Li has also directed a short film entitled L.A. Coffin School as a Visual Communications "Armed With A Camera" Fellowship film, which premiered at the 2011 Los Angeles Asian Pacific Film Festival and also screened at the San Francisco International Asian American Film Festival, the BET UrbanWorld Film Festival, and other festivals. The film stars Elizabeth Sung as a once-renowned Chinese painter who is kicked out of her son's home (the son played by Jerry Ying), prompting her to enroll in a controversial school that claims to teach people how to re-evaluate life and what it is worth by contemplating death while in a coffin. The film also stars Michelle Krusiec, Megan Lee, and Angela Ai.

In 2011, Li directed the short film The Big Oh written by Moon Blauner (personal assistant to Helen Hunt) starring Angela Ai, Ryan Caldwell, Bronwyn Cornelius and Angela Thomas, which is about "two single girlfriends try to help their best friend spice up her married sex life." Li has also directed a comedy short film entitled Who is Candy Bernardino? which has screened at a number of film festivals including the Daytona Beach Film Festival, the North Carolina Gay & Lesbian Film Festival, the Downtown Independent Theater in Los Angeles, and more. She has also directed and written a short drama narrative film entitled Pray about three people who each have lost a father in the September 11 attacks and who try to reconcile their faith and belief in religion; the film screened at the Carnegie Mellon University International Film Festival. Among her other films and experimental videos include the short films Prison Break, Mask and BFE (based on a scene from Julia Cho's BFE).

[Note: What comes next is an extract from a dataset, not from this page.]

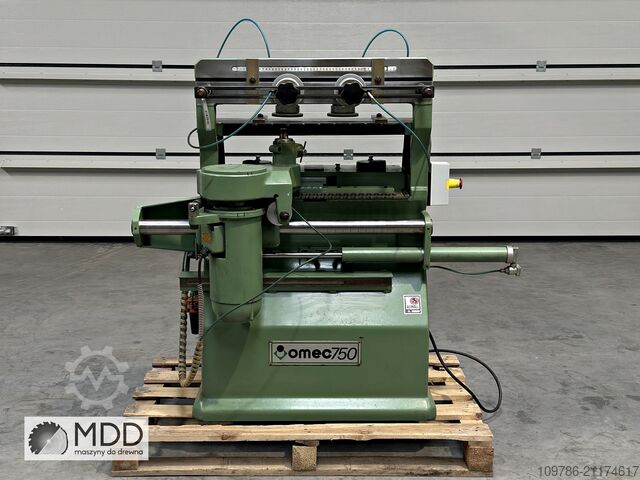 Fräsmaschine für Schubladenverbindungen OMEC 750 OMEC 750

Li has recently finished shooting a sci-fi short film entitled Kepler X-47, which was done as part of the American Film Institute's Directing Workshop for Women.

==Producing==
Li most recently produced (as an Associate Producer) the feature documentary directed by Jorge Hinosa entitled Iceberg Slim: Portrait of a Pimp (2012), which examines the tumultuous life of legendary Chicago pimp, Iceberg Slim. Ice-T is also one of the film's Executive Producers, and the film has screened at the Toronto International Film Festival (TIFF), Doc NYC, New York's Documentary Film Festival, and more.

Li has also produced (as an Associate Producer and New Media Strategist) the feature documentary directed by Judy Chaikin entitled The Girls in the Band (2011), which chronicles the struggles and triumphs of female jazz musicians from the 1920s to the present. The documentary won an Audience Award for Best Documentary Feature at the Palm Springs International Film Festival, as well as Best Music Documentary from the DOCUTAH Film Festival.

Li has also been an Associate Producer on the feature documentaries America The Beautiful 2: The Thin Commandments (2011) (a documentary on America's obsession with dieting) and Voices Unveiled: Turkish Women Who Dare (2009) (a documentary that juxtaposes the Islamic traditions and Western culture of Istanbul in the lives of three Turkish women).

==Filmography (incomplete list)==
- Kepler X-47 - short film (11:47)

==Background==
Li studied painting at the Llotja School of Art and Design in Barcelona, Spain, and is a graduate of Carnegie Mellon University, majoring in business administration and drama and producing short films with PBS, WQED and the school's School of Drama while there.